Believe it or not, I haven't seen Brett Favre's penis. Millions of others have, for whatever reason. To compare? I don't know. Insert old man balls hang ridiculously low joke here.
When Deadspin broke the dongtastic story last week, it finally achieved its life-long dream of bringing down the Vikings QB/Wrangler jeans spokesperson. Kudos. Sarcastic clap. What took you so long? Problem is, this story won't ever go away, much like Favre himself, it seems. And now there's mention of his genitals when I turn on the TV, surf the world wide web, hop in a cab, talk to my mom, etc.

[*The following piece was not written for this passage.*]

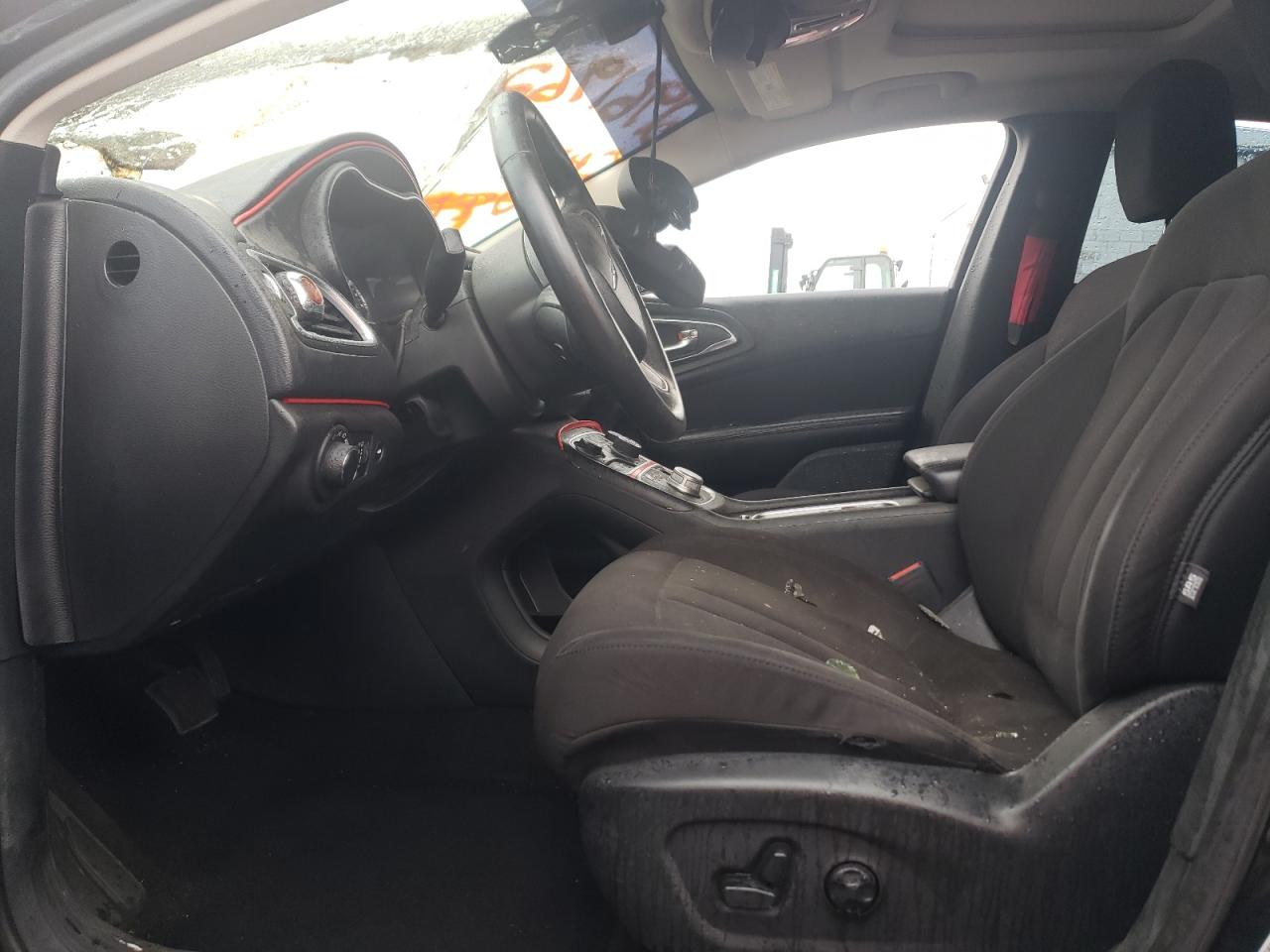 2015 Chrysler 200 - Image 7
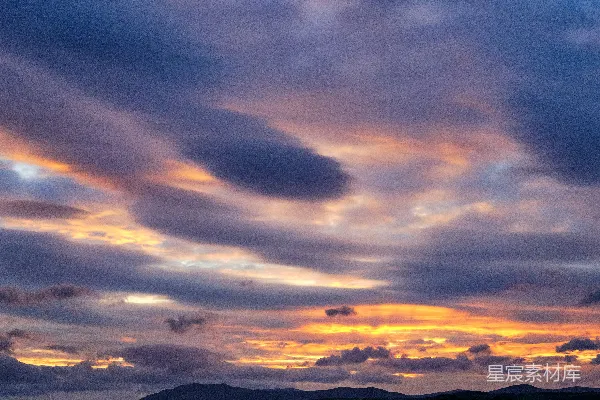 高清摄影 夕阳西下，云霞满天，山峦在背后衬托。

Over the last five or so years, we've become increasingly tired of hearing about a QB whose best days are behind him. We get it already. He's tough. He's having fun. He's playing like a kid out there. Well, he also loves throwing interceptions in big games (e.g., last season's NFC Championship loss to New Orleans). But as the news broke and the stories about the Old Gunslinger's junk piled up, I longed for the days when we talked about how much of a choke artist he's been lately. I wanted to reminisce about how disappointing he was in one season with New York in 2008, when he threw 22 interceptions and broke the hearts of J-E-T-S fans. But all anyone wants to discuss now is what he has downstairs. And that brings tears to my eyes. Sad tears.
Thank you, Deadspin, for covering what anyone else could have covered but left it alone so we wouldn't have nightmares about it. More importantly, thank you for reminding us that sexting = bad idea.
I can't believe famous people are still sexting and making sex tapes. And I can't believe you haven't learned your lesson either. No one wants to see that.